* Exercise requirements
Each line of the material must reappear unchanged in the answer.

* Record excerpts
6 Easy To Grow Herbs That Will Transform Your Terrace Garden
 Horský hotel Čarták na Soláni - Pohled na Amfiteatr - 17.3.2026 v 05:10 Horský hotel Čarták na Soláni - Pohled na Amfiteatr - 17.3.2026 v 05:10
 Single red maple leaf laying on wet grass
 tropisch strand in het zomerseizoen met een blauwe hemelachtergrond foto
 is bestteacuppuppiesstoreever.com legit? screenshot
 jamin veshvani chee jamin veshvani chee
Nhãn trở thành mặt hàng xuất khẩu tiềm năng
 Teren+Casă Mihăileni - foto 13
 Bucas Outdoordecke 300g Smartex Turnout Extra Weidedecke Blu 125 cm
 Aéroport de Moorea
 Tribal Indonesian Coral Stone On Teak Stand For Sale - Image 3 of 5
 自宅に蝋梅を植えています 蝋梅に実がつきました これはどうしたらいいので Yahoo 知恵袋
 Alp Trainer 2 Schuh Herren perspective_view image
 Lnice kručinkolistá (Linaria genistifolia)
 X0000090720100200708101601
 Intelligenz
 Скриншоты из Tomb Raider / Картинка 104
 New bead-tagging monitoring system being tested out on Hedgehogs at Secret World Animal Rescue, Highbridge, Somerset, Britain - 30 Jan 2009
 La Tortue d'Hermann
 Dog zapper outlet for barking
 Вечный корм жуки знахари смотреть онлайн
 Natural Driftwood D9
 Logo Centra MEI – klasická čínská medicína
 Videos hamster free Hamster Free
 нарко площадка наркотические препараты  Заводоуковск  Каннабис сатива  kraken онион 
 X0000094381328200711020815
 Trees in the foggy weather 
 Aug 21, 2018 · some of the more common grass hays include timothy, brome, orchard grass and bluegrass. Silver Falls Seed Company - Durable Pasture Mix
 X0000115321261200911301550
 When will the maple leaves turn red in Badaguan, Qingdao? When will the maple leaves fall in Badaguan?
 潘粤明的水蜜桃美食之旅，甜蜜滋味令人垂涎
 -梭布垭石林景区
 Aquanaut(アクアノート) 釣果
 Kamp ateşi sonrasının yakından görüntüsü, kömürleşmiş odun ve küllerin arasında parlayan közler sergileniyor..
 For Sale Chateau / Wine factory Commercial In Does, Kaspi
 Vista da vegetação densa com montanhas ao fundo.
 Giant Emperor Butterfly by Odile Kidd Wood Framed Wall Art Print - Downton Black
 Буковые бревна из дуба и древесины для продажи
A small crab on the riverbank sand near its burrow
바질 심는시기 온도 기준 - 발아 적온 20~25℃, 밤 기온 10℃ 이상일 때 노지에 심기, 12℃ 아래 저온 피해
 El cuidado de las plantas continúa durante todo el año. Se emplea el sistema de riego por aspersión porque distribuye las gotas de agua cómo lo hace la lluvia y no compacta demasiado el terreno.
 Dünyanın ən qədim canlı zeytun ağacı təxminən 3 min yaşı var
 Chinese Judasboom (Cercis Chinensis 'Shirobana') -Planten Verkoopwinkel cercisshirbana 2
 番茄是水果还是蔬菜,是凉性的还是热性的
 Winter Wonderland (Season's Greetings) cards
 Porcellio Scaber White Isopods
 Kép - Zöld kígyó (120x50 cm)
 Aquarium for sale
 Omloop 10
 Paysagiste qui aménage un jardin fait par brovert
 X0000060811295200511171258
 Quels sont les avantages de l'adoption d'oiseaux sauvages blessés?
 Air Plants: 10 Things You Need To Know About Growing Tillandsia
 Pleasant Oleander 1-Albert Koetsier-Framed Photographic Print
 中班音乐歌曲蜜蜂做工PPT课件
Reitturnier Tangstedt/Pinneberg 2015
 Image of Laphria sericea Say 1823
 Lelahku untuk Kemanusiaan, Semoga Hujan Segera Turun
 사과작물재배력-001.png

* Response for this exercise
6 Easy To Grow Herbs That Will Transform Your Terrace Garden
 Horský hotel Čarták na Soláni - Pohled na Amfiteatr - 17.3.2026 v 05:10 Horský hotel Čarták na Soláni - Pohled na Amfiteatr - 17.3.2026 v 05:10
 Single red maple leaf laying on wet grass
 tropisch strand in het zomerseizoen met een blauwe hemelachtergrond foto
 is bestteacuppuppiesstoreever.com legit? screenshot
 jamin veshvani chee jamin veshvani chee
Nhãn trở thành mặt hàng xuất khẩu tiềm năng
 Teren+Casă Mihăileni - foto 13
 Bucas Outdoordecke 300g Smartex Turnout Extra Weidedecke Blu 125 cm
 Aéroport de Moorea
 Tribal Indonesian Coral Stone On Teak Stand For Sale - Image 3 of 5
 自宅に蝋梅を植えています 蝋梅に実がつきました これはどうしたらいいので Yahoo 知恵袋
 Alp Trainer 2 Schuh Herren perspective_view image
 Lnice kručinkolistá (Linaria genistifolia)
 X0000090720100200708101601
 Intelligenz
 Скриншоты из Tomb Raider / Картинка 104
 New bead-tagging monitoring system being tested out on Hedgehogs at Secret World Animal Rescue, Highbridge, Somerset, Britain - 30 Jan 2009
 La Tortue d'Hermann
 Dog zapper outlet for barking
 Вечный корм жуки знахари смотреть онлайн
 Natural Driftwood D9
 Logo Centra MEI – klasická čínská medicína
 Videos hamster free Hamster Free
 нарко площадка наркотические препараты  Заводоуковск  Каннабис сатива  kraken онион 
 X0000094381328200711020815
 Trees in the foggy weather 
 Aug 21, 2018 · some of the more common grass hays include timothy, brome, orchard grass and bluegrass. Silver Falls Seed Company - Durable Pasture Mix
 X0000115321261200911301550
 When will the maple leaves turn red in Badaguan, Qingdao? When will the maple leaves fall in Badaguan?
 潘粤明的水蜜桃美食之旅，甜蜜滋味令人垂涎
 -梭布垭石林景区
 Aquanaut(アクアノート) 釣果
 Kamp ateşi sonrasının yakından görüntüsü, kömürleşmiş odun ve küllerin arasında parlayan közler sergileniyor..
 For Sale Chateau / Wine factory Commercial In Does, Kaspi
 Vista da vegetação densa com montanhas ao fundo.
 Giant Emperor Butterfly by Odile Kidd Wood Framed Wall Art Print - Downton Black
 Буковые бревна из дуба и древесины для продажи
A small crab on the riverbank sand near its burrow
바질 심는시기 온도 기준 - 발아 적온 20~25℃, 밤 기온 10℃ 이상일 때 노지에 심기, 12℃ 아래 저온 피해
 El cuidado de las plantas continúa durante todo el año. Se emplea el sistema de riego por aspersión porque distribuye las gotas de agua cómo lo hace la lluvia y no compacta demasiado el terreno.
 Dünyanın ən qədim canlı zeytun ağacı təxminən 3 min yaşı var
 Chinese Judasboom (Cercis Chinensis 'Shirobana') -Planten Verkoopwinkel cercisshirbana 2
 番茄是水果还是蔬菜,是凉性的还是热性的
 Winter Wonderland (Season's Greetings) cards
 Porcellio Scaber White Isopods
 Kép - Zöld kígyó (120x50 cm)
 Aquarium for sale
 Omloop 10
 Paysagiste qui aménage un jardin fait par brovert
 X0000060811295200511171258
 Quels sont les avantages de l'adoption d'oiseaux sauvages blessés?
 Air Plants: 10 Things You Need To Know About Growing Tillandsia
 Pleasant Oleander 1-Albert Koetsier-Framed Photographic Print
 中班音乐歌曲蜜蜂做工PPT课件
Reitturnier Tangstedt/Pinneberg 2015
 Image of Laphria sericea Say 1823
 Lelahku untuk Kemanusiaan, Semoga Hujan Segera Turun
 사과작물재배력-001.png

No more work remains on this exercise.